- **Exercise description**
Return the material below exactly, but only from the line with "Unfurnished 3bedroom-2250 Sqft" through the line with "Легкий куриный суп с овощами и гречкой", and without its pictures.

- **Data supplied**
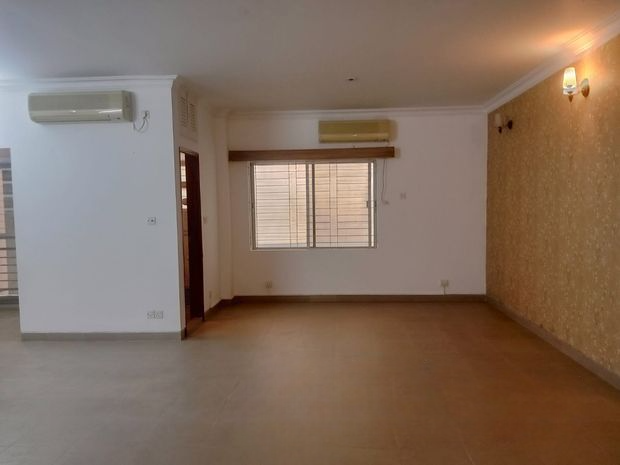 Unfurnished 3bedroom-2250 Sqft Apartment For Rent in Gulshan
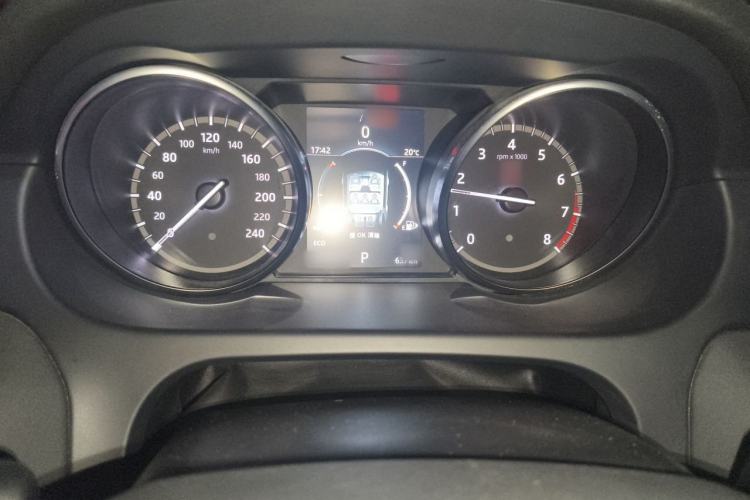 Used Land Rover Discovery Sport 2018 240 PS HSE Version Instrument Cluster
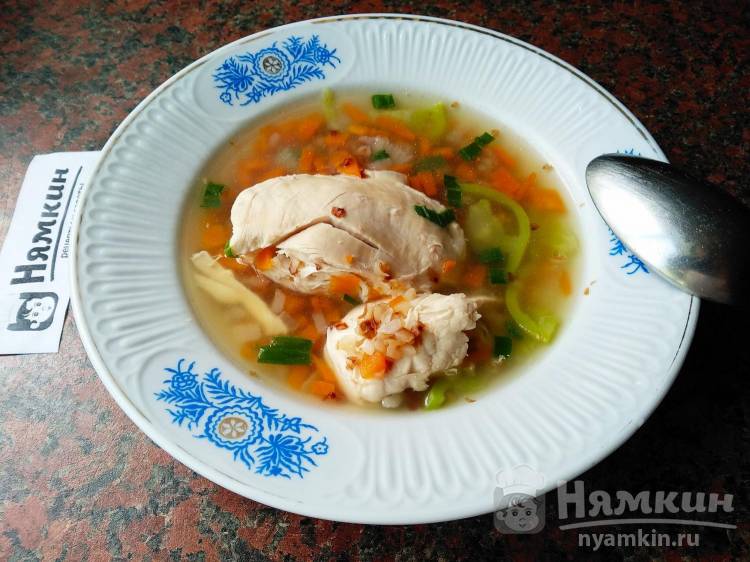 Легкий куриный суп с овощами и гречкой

---

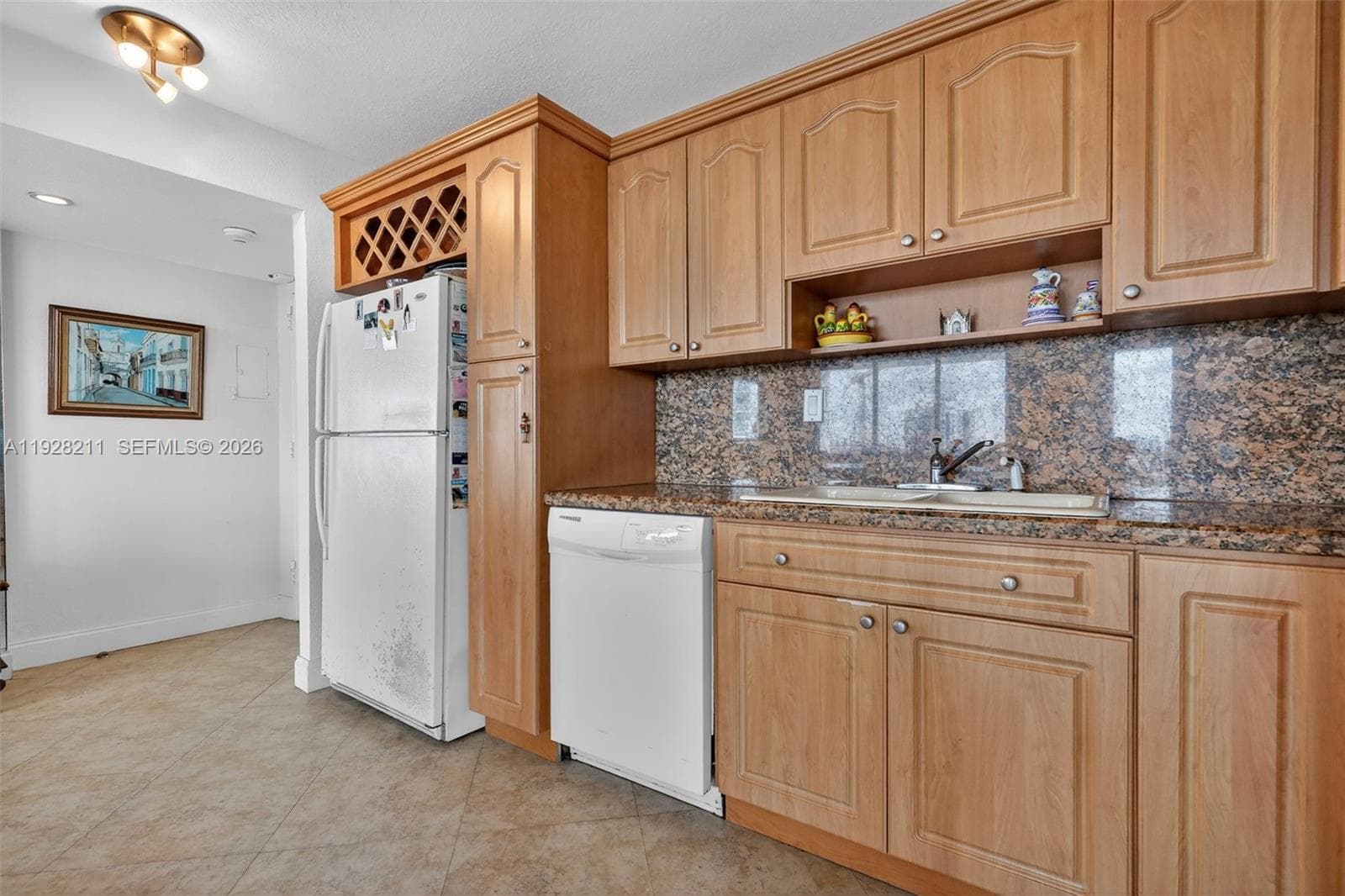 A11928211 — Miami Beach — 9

- **Solved exercise**
 Unfurnished 3bedroom-2250 Sqft Apartment For Rent in Gulshan
 Used Land Rover Discovery Sport 2018 240 PS HSE Version Instrument Cluster
 Легкий куриный суп с овощами и гречкой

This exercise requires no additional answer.